Diversity & Inclusion Leadership & Management

Microaggressions in the workplace don't need to happen. Good allies make sure to avoid their flight-or-fight response when conversations become uncomfortable.

Even when you mean well, it’s easy to get it wrong when talking about identity and diversity.

For people in a more advantaged group, there are simple cognitive and behavioral biases that make it challenging to not say the wrong thing.

How can well-meaning people overcome their bias to create healthier workplaces, instead of causing microaggressions in the workplace to take place? 

Professors David Glasgow and Kenji Yoshino, founders of the Meltzer Center for Diversity, Inclusion, and Belonging at NYU School of Law, wanted to help allies overcome their fear with their new book “Say The Right Thing.”

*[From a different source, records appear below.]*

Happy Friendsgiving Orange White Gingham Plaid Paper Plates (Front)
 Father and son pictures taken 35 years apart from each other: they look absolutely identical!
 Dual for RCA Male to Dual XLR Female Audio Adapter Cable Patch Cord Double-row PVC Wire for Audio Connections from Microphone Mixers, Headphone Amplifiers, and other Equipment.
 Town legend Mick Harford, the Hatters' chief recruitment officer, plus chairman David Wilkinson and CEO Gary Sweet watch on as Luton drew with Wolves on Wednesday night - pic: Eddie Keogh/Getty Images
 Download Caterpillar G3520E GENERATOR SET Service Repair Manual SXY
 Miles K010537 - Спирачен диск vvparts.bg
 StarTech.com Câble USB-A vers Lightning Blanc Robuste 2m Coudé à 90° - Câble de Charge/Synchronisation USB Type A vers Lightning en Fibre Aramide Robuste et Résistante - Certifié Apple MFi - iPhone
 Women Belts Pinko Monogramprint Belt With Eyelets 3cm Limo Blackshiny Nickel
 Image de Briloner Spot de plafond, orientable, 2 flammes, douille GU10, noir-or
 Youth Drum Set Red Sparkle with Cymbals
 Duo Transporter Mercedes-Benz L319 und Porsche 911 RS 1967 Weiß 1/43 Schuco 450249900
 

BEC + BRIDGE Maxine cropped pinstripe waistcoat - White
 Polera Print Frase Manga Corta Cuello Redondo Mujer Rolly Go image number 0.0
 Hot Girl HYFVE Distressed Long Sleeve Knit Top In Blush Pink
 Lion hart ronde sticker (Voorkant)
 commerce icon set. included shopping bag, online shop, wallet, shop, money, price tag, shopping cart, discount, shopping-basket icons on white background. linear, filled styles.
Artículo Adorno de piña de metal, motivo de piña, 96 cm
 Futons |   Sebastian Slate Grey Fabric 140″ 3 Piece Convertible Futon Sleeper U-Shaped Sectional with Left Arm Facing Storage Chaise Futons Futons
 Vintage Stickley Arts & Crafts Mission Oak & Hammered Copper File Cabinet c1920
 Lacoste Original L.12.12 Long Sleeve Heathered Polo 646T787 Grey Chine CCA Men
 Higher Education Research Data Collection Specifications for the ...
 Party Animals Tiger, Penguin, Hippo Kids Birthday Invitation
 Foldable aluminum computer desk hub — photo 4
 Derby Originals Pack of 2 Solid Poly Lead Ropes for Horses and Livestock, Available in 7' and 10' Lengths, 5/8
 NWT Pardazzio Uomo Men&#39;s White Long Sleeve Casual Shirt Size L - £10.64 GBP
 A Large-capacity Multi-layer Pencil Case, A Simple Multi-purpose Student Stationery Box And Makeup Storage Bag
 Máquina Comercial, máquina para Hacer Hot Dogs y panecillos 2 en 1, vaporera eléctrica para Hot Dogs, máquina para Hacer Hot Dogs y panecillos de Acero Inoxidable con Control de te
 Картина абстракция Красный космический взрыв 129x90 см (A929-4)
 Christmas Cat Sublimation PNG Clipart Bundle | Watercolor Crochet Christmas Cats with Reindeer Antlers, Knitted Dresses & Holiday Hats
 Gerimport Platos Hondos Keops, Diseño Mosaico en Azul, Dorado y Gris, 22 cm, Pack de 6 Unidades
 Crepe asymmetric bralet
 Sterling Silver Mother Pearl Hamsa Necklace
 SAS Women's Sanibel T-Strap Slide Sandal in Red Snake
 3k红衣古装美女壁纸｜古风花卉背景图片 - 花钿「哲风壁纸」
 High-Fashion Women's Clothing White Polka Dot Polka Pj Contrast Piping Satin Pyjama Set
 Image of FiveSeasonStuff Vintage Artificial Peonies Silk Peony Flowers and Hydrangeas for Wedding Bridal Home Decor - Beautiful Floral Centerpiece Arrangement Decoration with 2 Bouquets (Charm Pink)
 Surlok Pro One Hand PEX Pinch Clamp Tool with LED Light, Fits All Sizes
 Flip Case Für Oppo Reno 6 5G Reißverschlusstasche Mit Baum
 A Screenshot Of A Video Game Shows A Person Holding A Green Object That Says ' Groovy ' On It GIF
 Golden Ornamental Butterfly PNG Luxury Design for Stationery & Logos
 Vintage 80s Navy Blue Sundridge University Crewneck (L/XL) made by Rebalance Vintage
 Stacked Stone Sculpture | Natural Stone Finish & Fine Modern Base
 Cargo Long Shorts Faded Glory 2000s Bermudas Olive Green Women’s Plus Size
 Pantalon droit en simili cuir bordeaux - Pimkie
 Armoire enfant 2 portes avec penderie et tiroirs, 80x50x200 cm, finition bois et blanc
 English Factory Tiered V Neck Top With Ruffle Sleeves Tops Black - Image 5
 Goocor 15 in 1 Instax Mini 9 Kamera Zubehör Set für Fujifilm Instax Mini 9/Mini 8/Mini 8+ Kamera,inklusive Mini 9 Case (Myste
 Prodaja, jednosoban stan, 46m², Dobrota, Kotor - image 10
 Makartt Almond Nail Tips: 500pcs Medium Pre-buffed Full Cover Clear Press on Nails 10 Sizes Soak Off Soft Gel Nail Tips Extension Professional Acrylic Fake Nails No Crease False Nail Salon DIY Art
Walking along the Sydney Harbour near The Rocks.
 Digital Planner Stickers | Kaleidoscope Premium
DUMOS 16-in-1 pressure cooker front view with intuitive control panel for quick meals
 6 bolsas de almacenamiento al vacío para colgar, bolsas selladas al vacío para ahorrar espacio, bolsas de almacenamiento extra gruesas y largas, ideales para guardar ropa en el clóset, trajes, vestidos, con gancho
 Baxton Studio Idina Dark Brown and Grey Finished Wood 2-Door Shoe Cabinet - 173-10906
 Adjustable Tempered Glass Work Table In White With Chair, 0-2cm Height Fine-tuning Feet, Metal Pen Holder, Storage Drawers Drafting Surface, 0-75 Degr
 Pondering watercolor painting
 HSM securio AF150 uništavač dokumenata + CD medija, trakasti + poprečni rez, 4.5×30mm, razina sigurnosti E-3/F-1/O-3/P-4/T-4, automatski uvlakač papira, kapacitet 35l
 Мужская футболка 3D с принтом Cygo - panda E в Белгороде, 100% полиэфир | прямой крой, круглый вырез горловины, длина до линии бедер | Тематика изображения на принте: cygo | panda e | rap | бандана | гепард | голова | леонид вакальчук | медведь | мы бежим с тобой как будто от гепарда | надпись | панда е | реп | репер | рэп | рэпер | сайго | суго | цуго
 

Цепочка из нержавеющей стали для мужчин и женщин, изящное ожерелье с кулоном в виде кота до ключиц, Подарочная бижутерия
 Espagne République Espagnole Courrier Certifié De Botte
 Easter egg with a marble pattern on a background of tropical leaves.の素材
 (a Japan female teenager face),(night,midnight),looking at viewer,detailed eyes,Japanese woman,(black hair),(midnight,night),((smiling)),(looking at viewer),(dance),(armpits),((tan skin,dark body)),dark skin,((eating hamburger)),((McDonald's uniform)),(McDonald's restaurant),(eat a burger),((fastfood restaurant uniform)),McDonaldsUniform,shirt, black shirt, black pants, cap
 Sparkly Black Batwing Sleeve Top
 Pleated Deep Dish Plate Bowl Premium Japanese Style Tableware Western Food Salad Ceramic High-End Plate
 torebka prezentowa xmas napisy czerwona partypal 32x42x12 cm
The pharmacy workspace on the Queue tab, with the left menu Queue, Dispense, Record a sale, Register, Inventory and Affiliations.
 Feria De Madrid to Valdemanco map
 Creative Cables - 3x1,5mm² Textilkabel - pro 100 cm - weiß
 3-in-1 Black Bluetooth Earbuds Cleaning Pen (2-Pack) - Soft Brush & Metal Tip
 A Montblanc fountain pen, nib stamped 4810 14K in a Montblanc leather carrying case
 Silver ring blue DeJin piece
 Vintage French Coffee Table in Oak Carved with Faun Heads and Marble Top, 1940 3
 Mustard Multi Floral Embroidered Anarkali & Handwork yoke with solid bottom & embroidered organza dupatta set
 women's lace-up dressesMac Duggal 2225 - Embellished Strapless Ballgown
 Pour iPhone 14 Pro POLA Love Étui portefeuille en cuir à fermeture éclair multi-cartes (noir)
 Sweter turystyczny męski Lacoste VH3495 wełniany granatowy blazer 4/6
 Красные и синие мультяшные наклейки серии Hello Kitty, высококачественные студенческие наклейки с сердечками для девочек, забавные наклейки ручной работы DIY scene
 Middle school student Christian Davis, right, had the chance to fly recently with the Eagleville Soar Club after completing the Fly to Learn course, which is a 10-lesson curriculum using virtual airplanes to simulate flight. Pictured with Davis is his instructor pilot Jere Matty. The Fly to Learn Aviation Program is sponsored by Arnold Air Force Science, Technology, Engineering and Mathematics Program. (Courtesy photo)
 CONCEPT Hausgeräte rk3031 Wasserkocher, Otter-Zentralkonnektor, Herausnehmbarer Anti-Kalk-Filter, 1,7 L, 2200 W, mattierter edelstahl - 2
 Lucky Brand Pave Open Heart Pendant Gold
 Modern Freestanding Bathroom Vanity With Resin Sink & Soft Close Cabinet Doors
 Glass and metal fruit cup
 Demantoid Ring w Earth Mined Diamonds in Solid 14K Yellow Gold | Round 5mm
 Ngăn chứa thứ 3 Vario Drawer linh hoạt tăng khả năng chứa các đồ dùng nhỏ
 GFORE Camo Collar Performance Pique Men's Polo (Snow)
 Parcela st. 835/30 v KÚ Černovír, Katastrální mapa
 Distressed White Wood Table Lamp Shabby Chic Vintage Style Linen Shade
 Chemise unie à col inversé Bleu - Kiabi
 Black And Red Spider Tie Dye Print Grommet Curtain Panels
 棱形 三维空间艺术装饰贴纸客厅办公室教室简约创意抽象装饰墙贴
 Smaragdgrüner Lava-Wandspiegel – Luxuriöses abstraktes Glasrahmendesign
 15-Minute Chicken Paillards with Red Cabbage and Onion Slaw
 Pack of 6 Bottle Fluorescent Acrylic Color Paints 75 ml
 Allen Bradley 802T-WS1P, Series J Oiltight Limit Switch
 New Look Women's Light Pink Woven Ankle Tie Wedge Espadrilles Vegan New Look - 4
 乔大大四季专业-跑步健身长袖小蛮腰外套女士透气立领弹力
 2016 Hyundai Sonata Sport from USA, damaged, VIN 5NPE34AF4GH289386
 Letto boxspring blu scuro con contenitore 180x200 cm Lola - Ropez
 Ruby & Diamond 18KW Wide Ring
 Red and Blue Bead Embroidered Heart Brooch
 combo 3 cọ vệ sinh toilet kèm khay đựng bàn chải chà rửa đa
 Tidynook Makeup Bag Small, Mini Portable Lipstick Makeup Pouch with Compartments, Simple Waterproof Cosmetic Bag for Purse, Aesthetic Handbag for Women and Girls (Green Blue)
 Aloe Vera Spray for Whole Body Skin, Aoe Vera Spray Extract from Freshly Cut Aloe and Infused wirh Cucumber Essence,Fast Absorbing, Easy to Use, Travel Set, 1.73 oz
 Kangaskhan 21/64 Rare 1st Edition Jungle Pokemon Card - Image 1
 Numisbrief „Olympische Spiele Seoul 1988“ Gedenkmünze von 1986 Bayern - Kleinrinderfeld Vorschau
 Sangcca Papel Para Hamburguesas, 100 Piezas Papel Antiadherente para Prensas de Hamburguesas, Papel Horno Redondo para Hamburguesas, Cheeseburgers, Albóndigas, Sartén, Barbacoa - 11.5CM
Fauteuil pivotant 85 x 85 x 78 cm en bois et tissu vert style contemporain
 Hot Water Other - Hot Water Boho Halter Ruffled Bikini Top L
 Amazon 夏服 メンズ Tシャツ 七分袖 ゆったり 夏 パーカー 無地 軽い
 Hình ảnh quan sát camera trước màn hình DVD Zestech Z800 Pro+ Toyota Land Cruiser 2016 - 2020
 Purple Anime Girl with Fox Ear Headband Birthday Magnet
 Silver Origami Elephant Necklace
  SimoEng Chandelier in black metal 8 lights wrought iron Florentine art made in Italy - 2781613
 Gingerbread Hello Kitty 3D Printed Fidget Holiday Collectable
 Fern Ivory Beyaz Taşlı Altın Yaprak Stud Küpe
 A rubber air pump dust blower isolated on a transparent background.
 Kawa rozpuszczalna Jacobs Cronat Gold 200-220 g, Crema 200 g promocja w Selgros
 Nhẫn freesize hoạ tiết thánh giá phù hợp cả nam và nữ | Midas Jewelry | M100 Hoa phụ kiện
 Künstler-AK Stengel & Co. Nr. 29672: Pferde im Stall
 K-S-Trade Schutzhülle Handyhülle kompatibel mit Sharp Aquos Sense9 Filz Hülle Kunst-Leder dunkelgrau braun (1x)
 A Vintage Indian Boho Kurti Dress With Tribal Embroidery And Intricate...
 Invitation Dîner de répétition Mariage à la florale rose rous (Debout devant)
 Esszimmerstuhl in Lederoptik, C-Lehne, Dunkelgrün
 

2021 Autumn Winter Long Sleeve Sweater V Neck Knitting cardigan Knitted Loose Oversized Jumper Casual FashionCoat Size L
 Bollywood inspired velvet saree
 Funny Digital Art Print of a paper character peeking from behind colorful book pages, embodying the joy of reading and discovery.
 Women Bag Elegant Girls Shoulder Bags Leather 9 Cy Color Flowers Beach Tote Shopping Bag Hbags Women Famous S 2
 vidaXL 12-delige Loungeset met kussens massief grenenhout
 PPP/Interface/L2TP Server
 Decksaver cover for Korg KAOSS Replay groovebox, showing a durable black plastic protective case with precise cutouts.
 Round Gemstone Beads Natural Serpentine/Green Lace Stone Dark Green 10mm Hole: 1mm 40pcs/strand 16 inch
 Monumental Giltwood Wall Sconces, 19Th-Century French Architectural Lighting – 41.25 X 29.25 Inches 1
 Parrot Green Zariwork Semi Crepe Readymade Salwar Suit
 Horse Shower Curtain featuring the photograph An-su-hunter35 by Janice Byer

“We felt that one of the things that was missing from the literature was practical, shame-free guidance for people on how to navigate conversations in this area,” says Glasgow.

The book offers a set of tools and principles to help people in a more advantaged group who want to be better allies have the right conversations — and avoid the mistakes that often thwart progress.

Four traps allies must beware

There are four common ways that conversations about identity can go off the rails, according to Glasgow and Yoshino:

  • Avoid: when you go quiet, or decline to say what you really think
  • Deflect: when you try to change the subject, or redirect the conversation
  • Deny: when you reflexively dismiss what the other person says
  • Attack: when you make it personal, and go after the other person with sarcasm, insults, etc.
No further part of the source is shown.